StarRocks / starrocks

StarRocks, a Linux Foundation project, is a next-generation sub-second MPP OLAP database for full analytics scenarios, including multi-dimensional analytics, real-time analytics, and ad-hoc queries.
https://starrocks.io
Apache License 2.0
8.66k stars 1.75k forks source link

Out of order INSERT INTO ORDER BY with primary key and unique key tables #47072

Open ss892714028 opened 3 months ago

ss892714028 commented 3 months ago

Steps to reproduce the behavior (Required)

You can also reproduce this with unique key table.
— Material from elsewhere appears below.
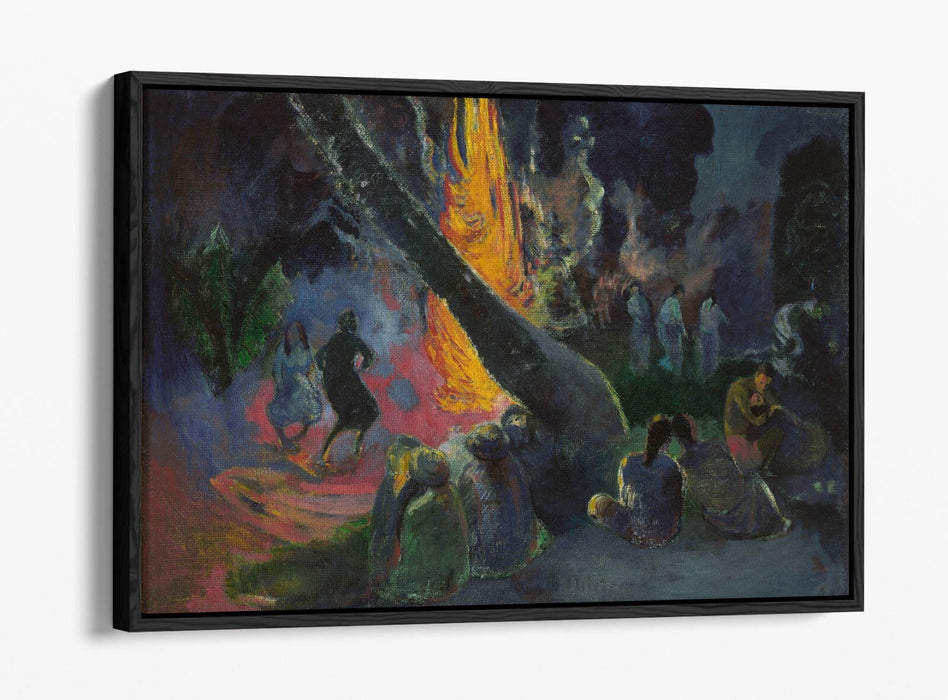 PAUL GAUGUIN, THE FIRE DANCE -FLOAT EFFECT CANVAS ART PIC PRINT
-- Create the source table
CREATE TABLE db_stage_DEVELOP.source_table (
    hash BIGINT,
    id INT,
    timestamp DATETIME
)
PRIMARY KEY (hash)
DISTRIBUTED BY HASH(hash);

-- Create the destination table
CREATE TABLE db_stage_DEVELOP.destination_table (
    id INT,
    timestamp DATETIME,
    hash BIGINT
) 
PRIMARY KEY (id)
DISTRIBUTED BY HASH(id);

-- Insert 5 rows into the source table
INSERT INTO db_stage_DEVELOP.source_table (hash, id, timestamp) VALUES
(1234567890, 1, '2024-06-14 10:00:00'),
(2234567890, 1, '2024-06-15 11:00:00'),
(3234567890, 1, '2024-06-16 12:00:00'),
(4234567890, 1, '2024-06-17 13:00:00'),
(5234567890, 1, '2024-06-18 14:00:00');

-- Verify the data in the source table
SELECT * FROM db_stage_DEVELOP.source_table;

-- Select from the source table ordered by timestamp ascending and insert into the destination table
INSERT INTO db_stage_DEVELOP.destination_table (id, timestamp, hash)
SELECT id, timestamp, hash
FROM db_stage_DEVELOP.source_table
ORDER BY timestamp ASC;

-- Verify the data in the destination table
SELECT * FROM db_stage_DEVELOP.destination_table;

Expected behavior (Required)

If you make the source table single tablet, also add a paraphrasis to the SELECT statement inside of the INSERT, the issue goes away..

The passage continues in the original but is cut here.